# rust-bison-skeleton
A set of bison skeleton files that can be used to generate a Bison grammar that is written in Rust.
Technically it's more like a Bison frontend for Rust.
## Requirements
+ Rust
+ Bison `3.7.3` or higher (or maybe a bit lower, it's unknown, better get the latest version)
`bison` executable must be available in `$PATH`.
## Short explanation
Bison is a parser generator, and in fact it doesn't really care what's your programming language.
Under the hood it takes your `.y` file, parses it, extracts all derivations and then constructs a bunch of tables.
Then, this data is passed to a template that is called `skeleton`. Simply treat it as JSX/ERB/Handlebars/etc view template.

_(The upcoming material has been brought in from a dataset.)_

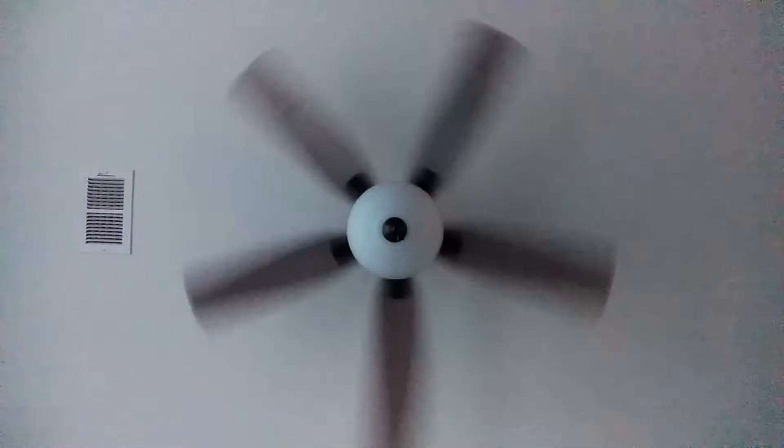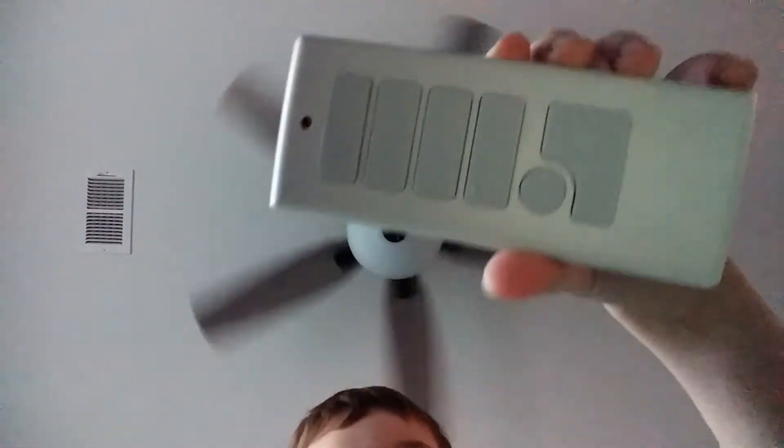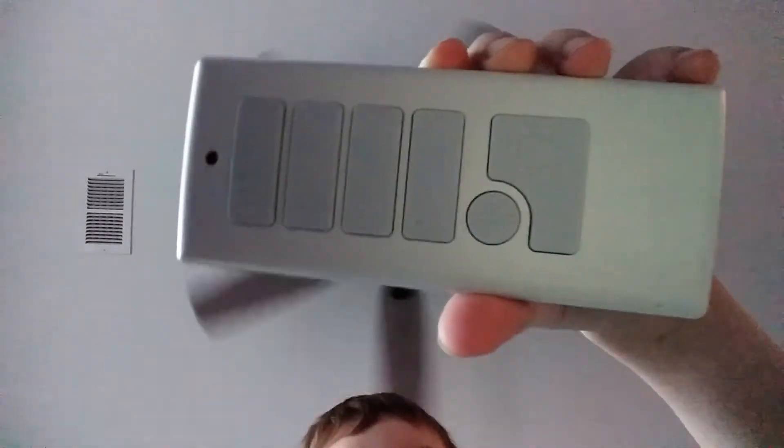It's off. It goes with this remote, and it only works with one switch for some reason. So that's the switch it goes to — that other switch goes to nothing, this one goes to the fan.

This skeleton is a special file written in M4 language (that is not really a programming language, it's closer to a macro engine) that
(once rendered) prints your `.rs` file. As simple as that.
## Configuration
Just like in C/C++/Java/D templates the following directives can be configured:
+ `%expect N` where `N` is a number of expected conflicts. Better set it to 0
+ `%define api.parser.struct {Parser}` where `Parser` is the name of your parser struct. Optional, `Parser` is the default name.
+ `%define api.value.type {Value}` where `Value` is the name of the derivation result (and a stack item) struct. Optional, `Value` is the default name.
+ `%code use { }` allows you to specify a block of code that will be at the top of the file. Can be a multi-line block, optional, has no default value.
+ `%code parser_fields { }` allows you to specify additional custom fields for your `Parser` struct. Can be a multi-line block, optional, has no default value.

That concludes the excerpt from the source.